‘Boiler room’ scam shut down; The majority of boiler room scams are targeted at men aged 65 and older who are active investors. On average, victims tend to lose about £20,000, which they are unlikely to recover
November 25, 2013 Leave a comment
November 22, 2013 6:55 pm
‘Boiler room’ scam shut down
By Elaine Moore
A suspected boiler room scam has been closed in an unusual pre-emptive action by the financial regulator. On Tuesday, the Financial Conduct Authority (FCA) announced that it had frozen the global assets of First Capital Wealth, which is suspected of promoting and selling dubious investments without authorisation. First Capital Wealth has also been forbidden from selling investments after a High Court judge said that it posed a serious risk to consumers.At least 20 investors are thought to have put a total of £650,000 into Berkeley Brookes LLC, a vehicle promoted by First Capital for investing in emerging market property, between July and November this year.
Last year the Mirror newspaper published an article in which it questioned the sale of rare earth metal investments by First Capital Wealth, although this is not the cause of the FCA’s action.
All First Capital Wealth clients will receive a letter from the regulator, which has said it will do everything possible to recover money they have invested. However, as First Capital Wealth is itself unregulated, the FCA it has warned investors to remember that they are not covered by the Financial Services Compensation Scheme. FCW could not be reached for comment.
Boiler room scams are so-called because of the pressure put on investors by salesmen who cold call.
Many start with a call from someone promoting a seemingly attractive investment that is only available for a short period of time. The broker will then attempt to sell the investor worthless shares in a company at a high price. In some cases, the company the broker is promoting does not even exist.
Most schemes are operated from overseas but provide investors with a UK address. First Capital Wealth lists addresses in London, Hong Kong, Johannesburg and Abu Dhabi.
The majority of boiler room scams are targeted at men aged 65 and older who are active investors.
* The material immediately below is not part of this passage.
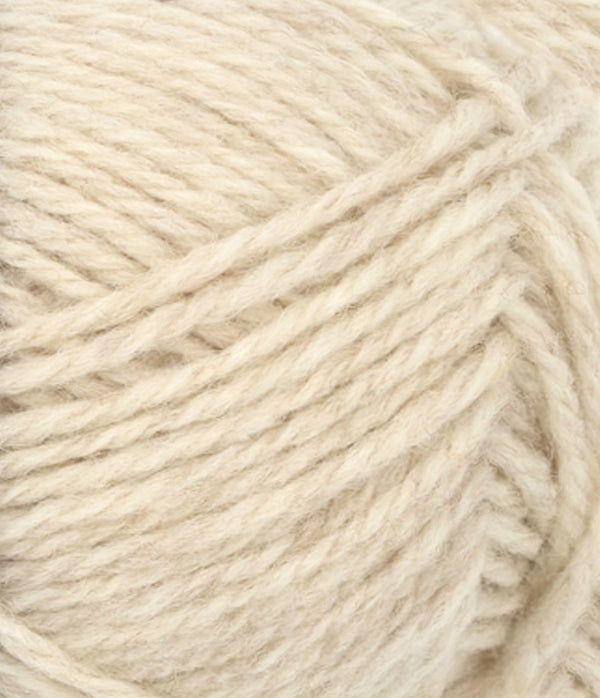 Nahaufnahme von Sandnes Garn Atlas 2641 Natural Mottled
On average, victims tend to lose about £20,000, which they are unlikely to recover.
Some victims of boiler room schemes can suffer a further loss if they are targeted by recovery firms, which falsely claim they can obtain reimbursement for an upfront fee.
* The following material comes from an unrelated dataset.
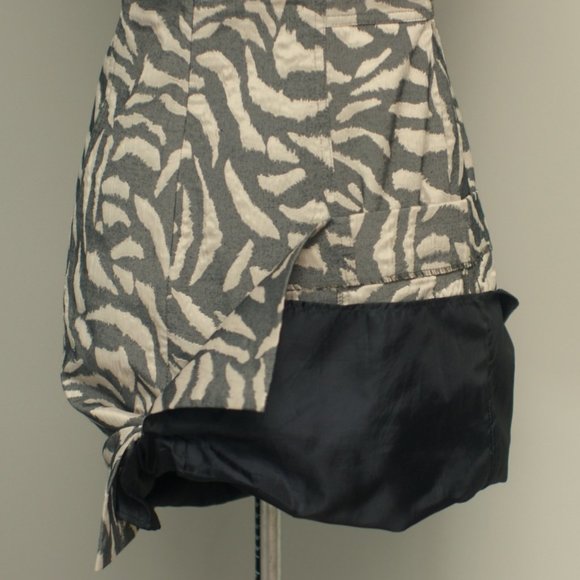 Calvin Klein Animal Print Dress Size 6 - Picture 5 of 6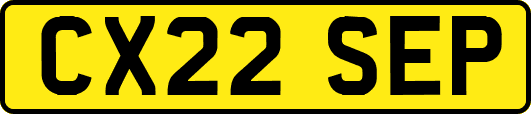 CX22SEP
In 2012 the regulator saw complaints about investment scams fall by almost a third compared to the previous year, to 525. However, it estimates that in spite of the drop, criminals are still conning £1m a month out of investors. This year, three UK citizenswere given long jail sentences by a US court
after being convicted of boiler room fraud.
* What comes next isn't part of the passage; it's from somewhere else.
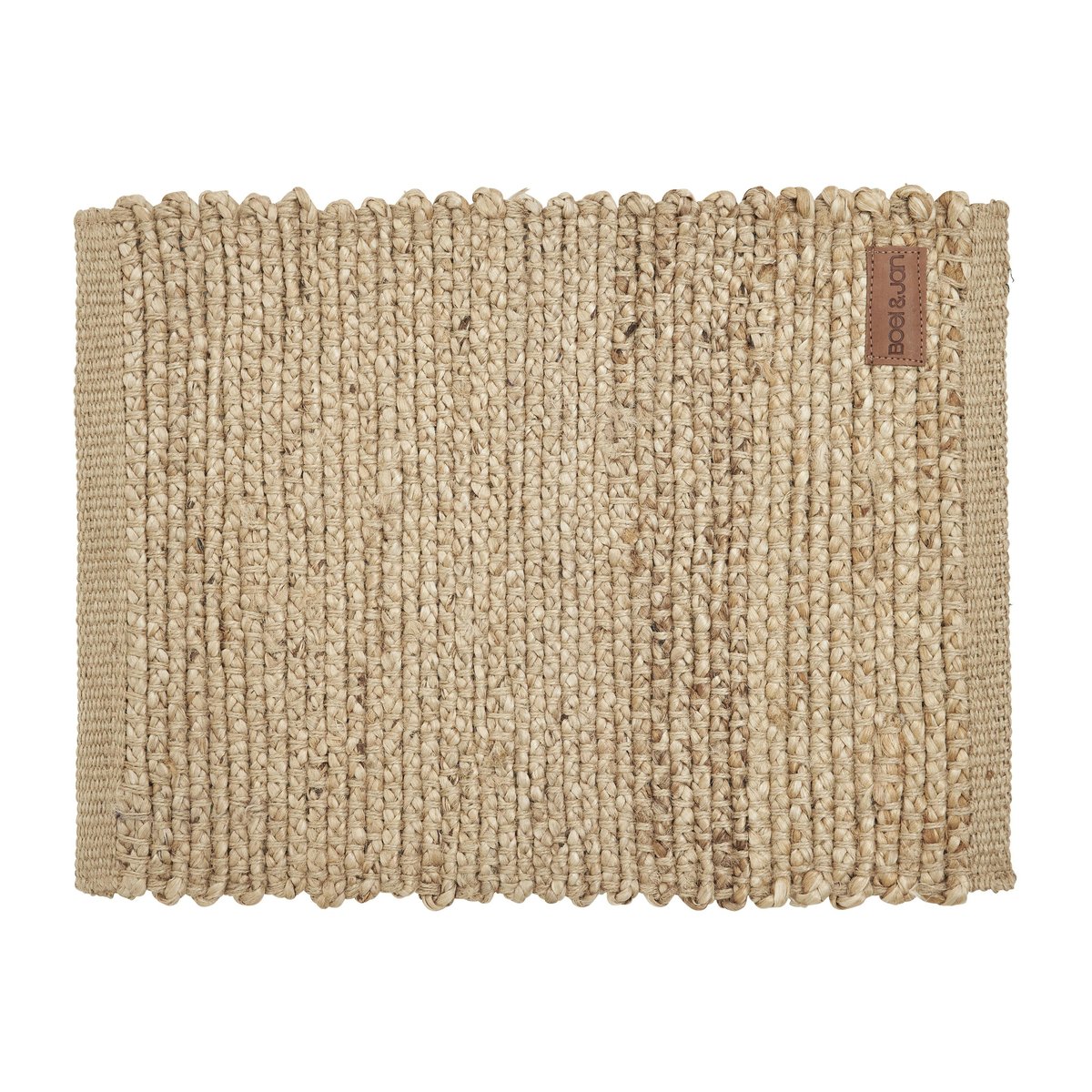 Boel & Jan Merida place mat 35x45 cm Natural | Scandinavian Design | Placemats | Beige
The best way to avoid being the victim of a boiler room scam is to be wary of any investment scheme that sounds too good to be true, but there are a few other ways you can limit the chances of contact with a conman.
To find out whether the person calling is authorised by the FCA you can check the regulator’s Financial Services Register: fca.org.uk/register/ but be aware that some boiler room scams use the names of authorised firms to appear credible.
Another way to avoid attention is to keep your name and address out of the public domain. Criminals often obtain details of potential victims from the shareholder registers of listed companies, so you could choose not to hold shares directly. Alternatively you could opt out of the edited electoral register – meaning you can still vote, but your contact details will not be available for sale.
If you believe you may have been the victim of a boiler room scam contact the FCA online or by calling 0800 111 6768 or the UK’s national fraud reporting centre, Action Fraud.